ΔΨM → C₆H₈O₇ → C23H38N7O17P3S → Splicing Shifts
Separately SASP inhibits SLC25A1 thereby reducing C₆H₈O₇
Calling it a disease is really just about classification, I don’t think it has anything to do with the actual ‘science’. We just need a way to allow aging to be classified as a disease to allow geroscience interventions to move into the clinic.
My theory is that aging is really just the breakdown of an incredibly complex system designed to be resilient enough to reproduce and pass on genes within a particular environmental niche.
Because of the system’s complexity there are multiple points of failure and interconnected feedback loops, which is why I believe looking for a specific cause is reductionist and won’t get us anywhere. at best I think all we’re doing a moment is noodling around the edges.
When you’re dealing with this level of complexity, breakdowns happen through cascading failures across multiple pathways simultaneously.
I think it’s why most interventions fall short, because there’s no single point of failure, it’s the deterioration of an entire network operating beyond its evolutionary design parameters. I think the only way to meaningfully address aging is to figure out how to improve the system’s overall resilience, essentially upgrading its architecture rather than trying to fix individual breakdowns.

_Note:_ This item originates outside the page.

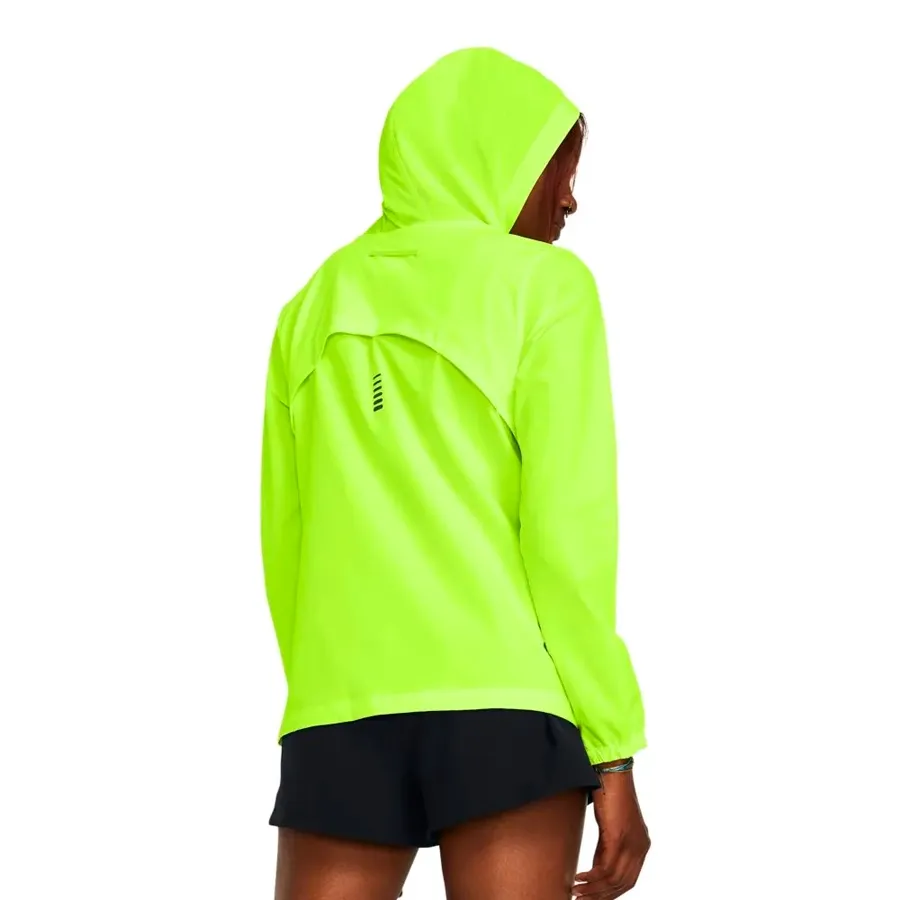 Imagen 1 de 4 de Campera Under Armour Outrun The Storm-VERDE FLUOR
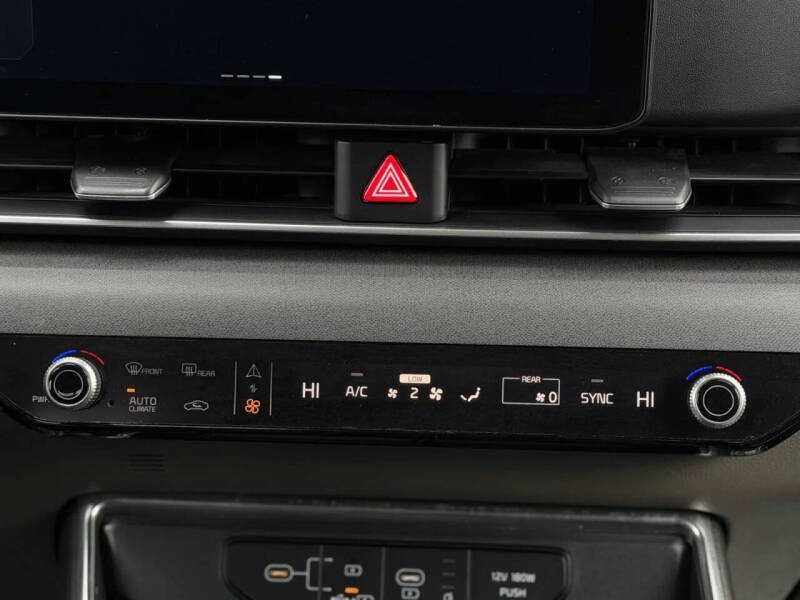 2025 Kia Carnival EX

Altos Labs are doing some really interesting work on engineering stem cells, which I think is the direction we should be going in.
https://www.sciencedirect.com/science/article/abs/pii/S0092867425005719
It’s all about regulation. Regulation is a complex issue, but it adds costs to a development process. It can stop people trying to do things as the regulatory cost is potentially very high compared to any return. This, of course, depends upon what intellectual property is available against any investment.
Absolutely, and regulation is a huge bottle neck to progress, but it’s also necessary. I think though, the science is accelerating and the regulation isn’t fit for purpose anymore.
I think there are issues as to the nature of the evidence required to make claims. From a safety perspective I think things are essentially OK as there are things which are known to be safe, but there are limits as to what can be said about them.